MFC Development Corp. Victor Brodsky, 914-636-3432 Victor.brodsky@MFCDevelopment.com
12/08/2005 14:56 ET
They have Miss America Carolyn Sapp and Gail Devers as spokespeople for 2 of their current products.
Wonder if the famous "Bow Flex" is one of theirs?
LOL! Wish I could find out what WWE's bringing to the table.
As far as I can tell MFCD's gross revs for this year will be around 200k.
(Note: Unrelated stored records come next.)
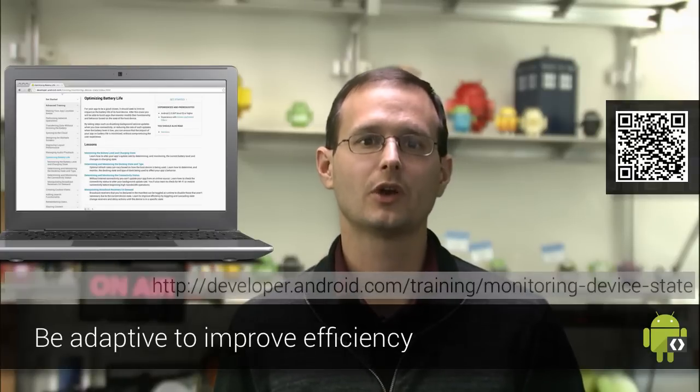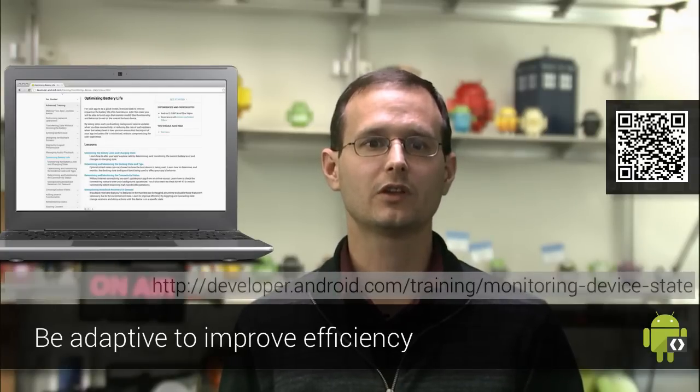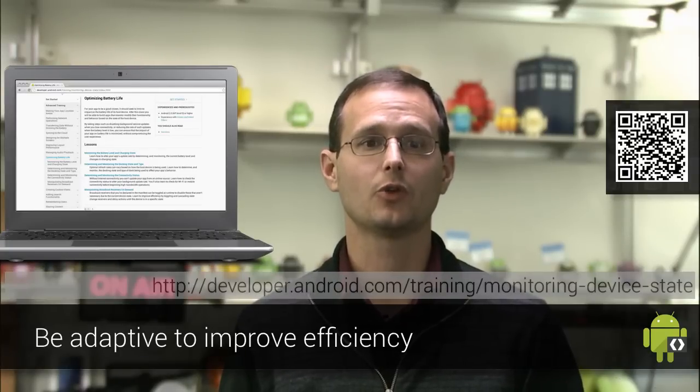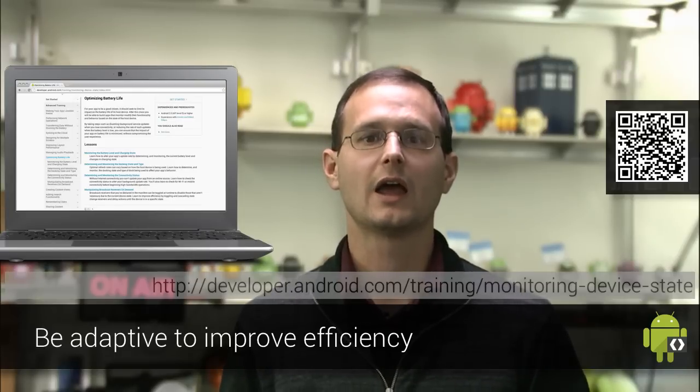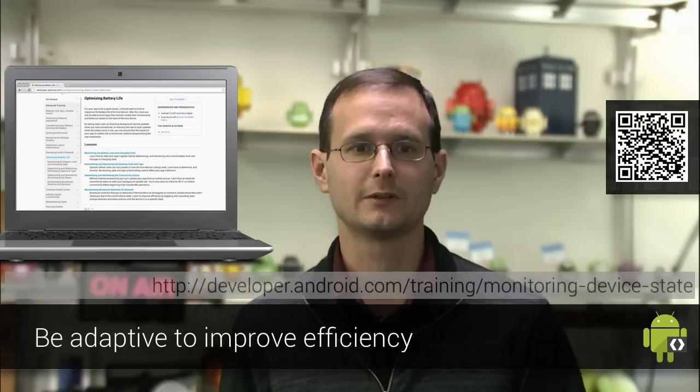Finally, the Android OS provides a number of cues for significant system events, including low battery and low memory. Listen for these intents and modify your app's resource usage accordingly. Users only ask you to include an exit button if they blame your app for consuming memory, draining the battery, or otherwise deteriorating their overall experience. Rather than implementing a menu item that won't solve their underlying problem, spend your time making your app more efficient and more responsive. My name is Reto Meier. This was Table Flip.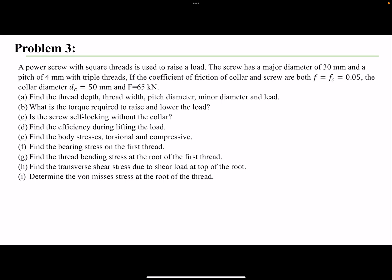In this video, we're going to solve problem 3 of the power screw series. A power screw with a square thread is used to raise a load. The screw has a major diameter of 30mm and a pitch of 4mm with triple threads.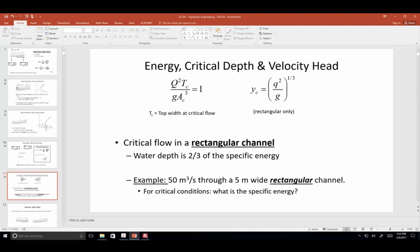The flow per unit width was found by dividing 50 by 5. The depth is two-thirds of the energy, so Yc = (2/3)E, therefore E = (3/2)Yc. If you know conditions are critical and need the specific energy, just multiply three-halves times the critical depth.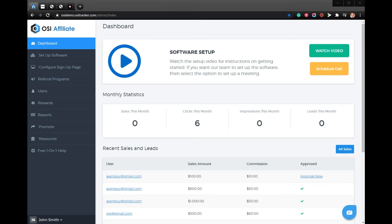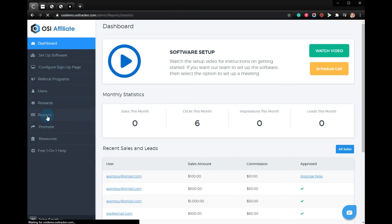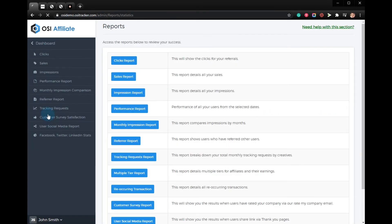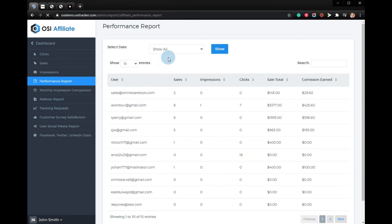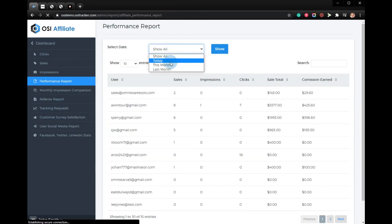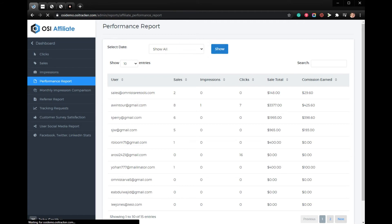To view the performance of your affiliates, simply log into your Omnistar account and select Reports, then Performance Report. Select the date and click Show. Thanks for watching, goodbye.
No wonder they're beyond obscure. lol!
If just one successful WWE product can produce 50 million, and they average a dozen a year..... Oooooh Yeah!
Another George Foreman burger grill will produce many times that! lol!
I still think there's huge potential here. The main thing is how they're going to run the business. Will it be self serving like most penny scams, or are they serious about becoming a Wall Street Titan? lol!
I will have to get an evening free to read the iBox. Looks like my copy of War and Peace."
Insiders bought 760,568 shares over the past year with one lone HUGE sale of 100 shares.
Only 2.7 million shares outstanding prior to this acquisition. Could be a VERY volatile security.
Oh Boy! How the heck do I delete posts and ban people?
Welcome aboard!..... Maybe..... lol!